EXCERPT FROM SARA’S JOURNAL

September 20th, 1999

The Left Bank

The Parisian music-hall star Mistinguette described the Seine as a "pretty blonde with laughing eyes". Indeed, the beguiling river is the historical, intellectual and sentimental heart of Paris. No other European city defines itself by its river in quite the same way. Not only is the Seine the geographical reference point of the city (distances measured from it, streets numbers determined by it) but the river divides Paris into two distinct areas, with the Right Bank on the north side of the river and the Left Bank on the south side. Historically the city is divided by the east's link to the city's ancient past and the west associated with the Paris of the 19th and 20th centuries. Just about every building of importance in Paris is on the river or within a stone's throw of it. The quays are lined with wide boulevards and majestic bourgeois apartments and rowhouses, museums, monuments and mansions. Ultimately, Paris's Seine is alive with a history of bustling fleets of pleasure boats and industry, and a present of unique bridge neighbourhoods, barges and bateaux mouches cruising sightseers along the banks to drink in the mist, mystery and resident lovers. 
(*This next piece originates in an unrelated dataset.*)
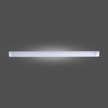 Oprawa oświetleniowa listwa LED natynk 120cm 4000K (4)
The oldest church in Paris is called St-Germaine-des-Pres and it was built in 542.  More recently in this area there has evolved a cafe district where the great artists, writers and intellectuals smoke and plot revolutions. In fact, Paris's Left Bank is livelier and more populated than when it was at the forefront of the city's intellectual life in the 1950's. The area endures with it's major publishing houses, whose editors and executives entertain the next prize-winning writers at cafes. The Deux Magots is where Earnest Hemingway wrote and the Surrealists hung out; the Cafe de Flore is where Jean-Paul Sartre and Simone de Beauvoir waxed over their existentialism; and the Brasserie Lipp was a favourite spot for French politicians and fashion designers. Today the  designers have set up shops along the left bank to cater to the ever-present smart set, interior designers line Rue Jacob, and at the Odeon young people gather at restaurants, cinemas and bars. At the restaurant La Procope, which claims to be the world's first coffee house (founded in 1686) Voltaire supposedly drank 40 cups of his favourite mixture of coffee and chocolate every day.